Provided data: Begin
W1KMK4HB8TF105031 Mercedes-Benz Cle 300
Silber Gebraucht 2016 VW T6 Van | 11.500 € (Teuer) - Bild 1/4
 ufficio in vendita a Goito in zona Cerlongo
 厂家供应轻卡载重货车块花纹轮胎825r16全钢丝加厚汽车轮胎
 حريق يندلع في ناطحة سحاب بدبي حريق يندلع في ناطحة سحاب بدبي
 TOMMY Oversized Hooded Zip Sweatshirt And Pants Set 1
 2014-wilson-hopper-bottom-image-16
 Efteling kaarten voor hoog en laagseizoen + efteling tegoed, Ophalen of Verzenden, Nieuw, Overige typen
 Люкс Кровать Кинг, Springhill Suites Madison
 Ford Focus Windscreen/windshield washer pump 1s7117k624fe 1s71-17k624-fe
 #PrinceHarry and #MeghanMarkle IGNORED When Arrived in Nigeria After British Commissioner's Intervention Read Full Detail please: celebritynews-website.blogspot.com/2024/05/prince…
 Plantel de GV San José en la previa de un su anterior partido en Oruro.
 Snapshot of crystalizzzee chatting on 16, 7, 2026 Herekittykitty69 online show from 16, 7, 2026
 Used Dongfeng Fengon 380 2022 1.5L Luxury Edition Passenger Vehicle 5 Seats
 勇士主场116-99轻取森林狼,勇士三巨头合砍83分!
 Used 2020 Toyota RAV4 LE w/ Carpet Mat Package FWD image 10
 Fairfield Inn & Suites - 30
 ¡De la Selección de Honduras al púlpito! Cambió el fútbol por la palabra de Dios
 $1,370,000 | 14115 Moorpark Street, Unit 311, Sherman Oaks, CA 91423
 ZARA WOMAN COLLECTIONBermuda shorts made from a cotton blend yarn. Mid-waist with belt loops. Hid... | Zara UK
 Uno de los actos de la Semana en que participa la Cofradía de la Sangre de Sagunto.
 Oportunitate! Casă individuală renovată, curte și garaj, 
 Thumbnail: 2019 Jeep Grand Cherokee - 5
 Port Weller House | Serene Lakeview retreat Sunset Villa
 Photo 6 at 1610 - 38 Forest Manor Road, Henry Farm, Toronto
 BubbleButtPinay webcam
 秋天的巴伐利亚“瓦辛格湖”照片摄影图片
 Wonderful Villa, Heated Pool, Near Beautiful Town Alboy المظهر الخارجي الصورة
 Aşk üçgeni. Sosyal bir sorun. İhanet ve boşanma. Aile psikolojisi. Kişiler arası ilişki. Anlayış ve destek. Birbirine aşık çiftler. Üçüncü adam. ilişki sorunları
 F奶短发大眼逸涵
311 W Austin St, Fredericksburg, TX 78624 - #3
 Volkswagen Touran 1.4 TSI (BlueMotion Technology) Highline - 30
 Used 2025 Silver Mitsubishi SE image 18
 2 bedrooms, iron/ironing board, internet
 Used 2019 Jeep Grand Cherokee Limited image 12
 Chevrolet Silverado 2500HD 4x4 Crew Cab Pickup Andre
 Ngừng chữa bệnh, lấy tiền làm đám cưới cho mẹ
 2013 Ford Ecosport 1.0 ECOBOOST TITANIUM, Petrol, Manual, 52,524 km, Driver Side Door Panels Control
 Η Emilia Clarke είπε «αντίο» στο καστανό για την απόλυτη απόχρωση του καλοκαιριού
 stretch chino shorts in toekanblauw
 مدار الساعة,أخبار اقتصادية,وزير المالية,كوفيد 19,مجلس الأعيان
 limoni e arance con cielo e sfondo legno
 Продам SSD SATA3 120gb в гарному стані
Provided data: End
* [Aim of the task]: Return the number of lines containing the word "image" in these records, with no additional output.

* [Task output]: 4